-- Work to be completed --
Copy all lines below exactly as written. Leave pictures out.

Start of Data extract

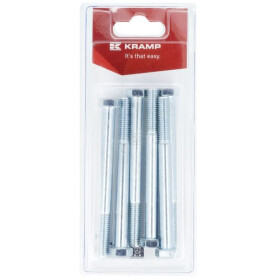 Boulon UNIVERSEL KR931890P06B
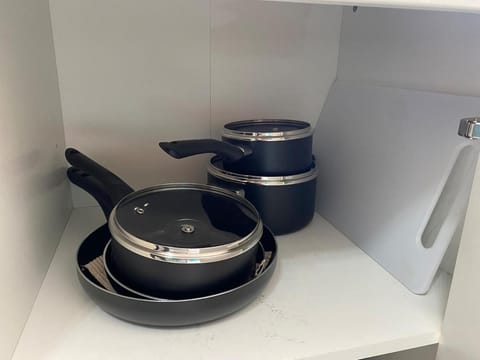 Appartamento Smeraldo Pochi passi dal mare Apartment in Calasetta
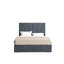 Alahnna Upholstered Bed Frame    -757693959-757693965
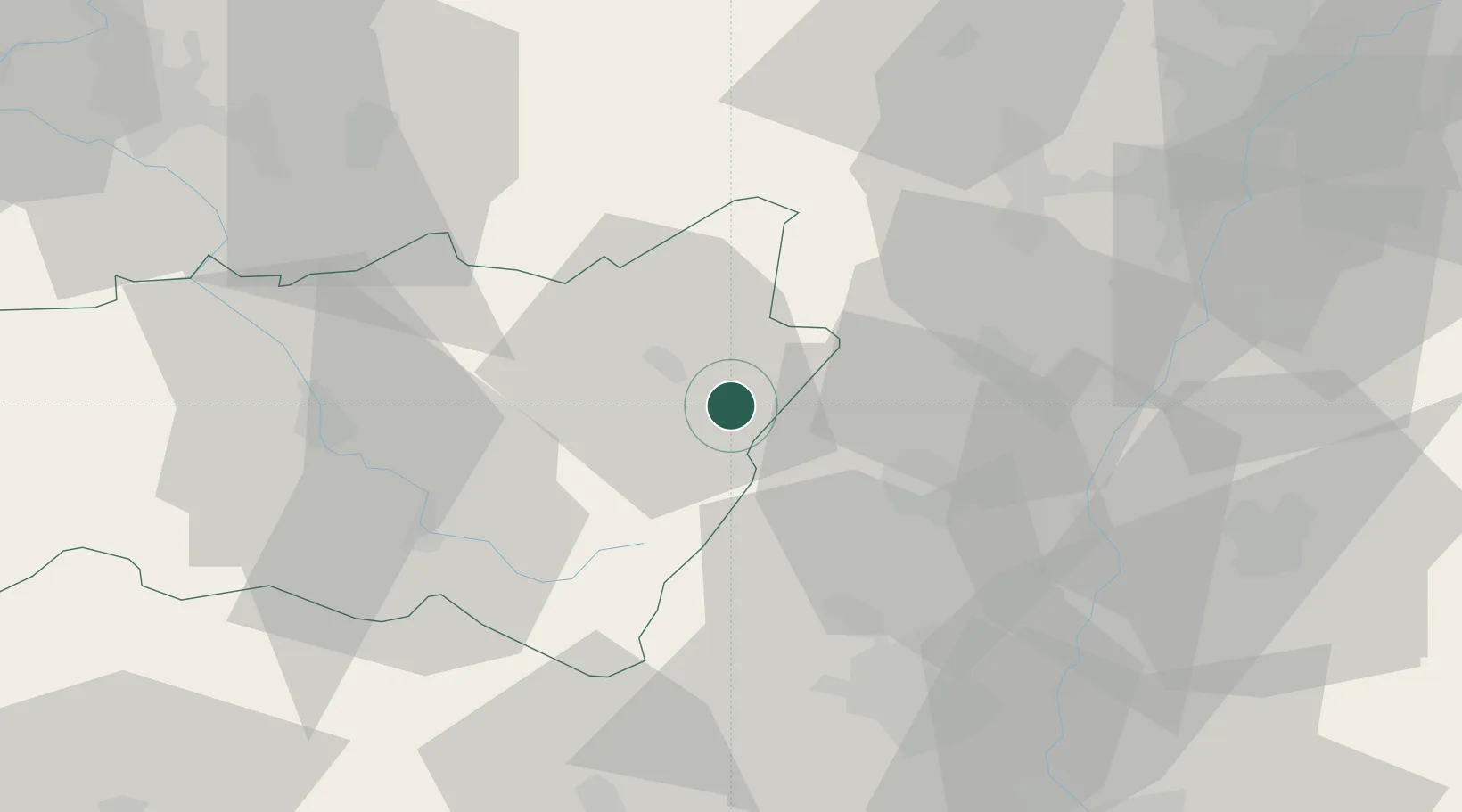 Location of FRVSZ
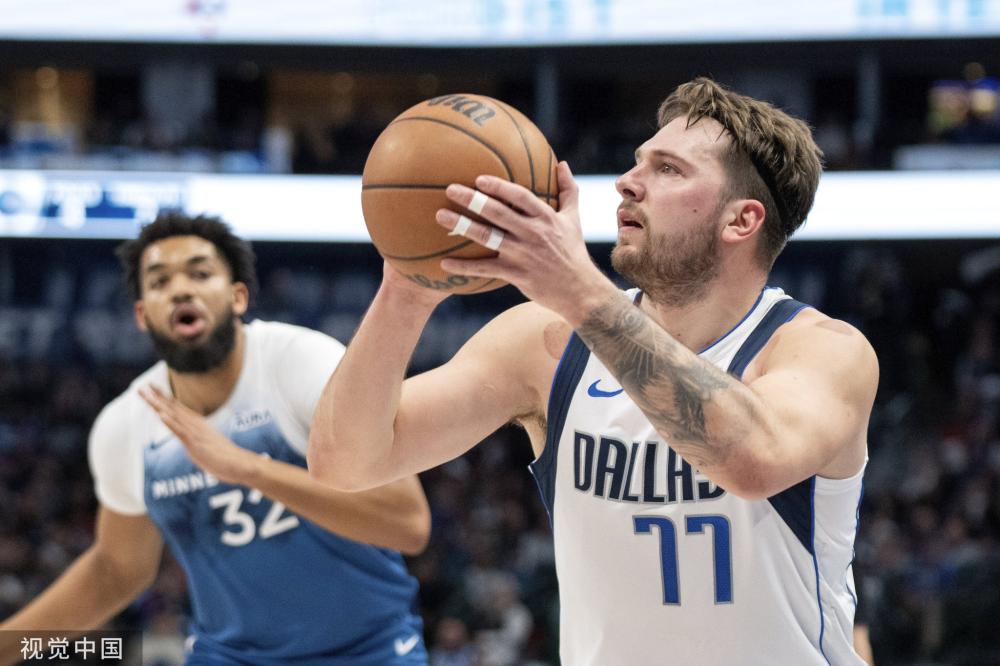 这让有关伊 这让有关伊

End of Data extract

-- Task response --
 Boulon UNIVERSEL KR931890P06B
 Appartamento Smeraldo Pochi passi dal mare Apartment in Calasetta
 Alahnna Upholstered Bed Frame    -757693959-757693965
 Location of FRVSZ
 这让有关伊 这让有关伊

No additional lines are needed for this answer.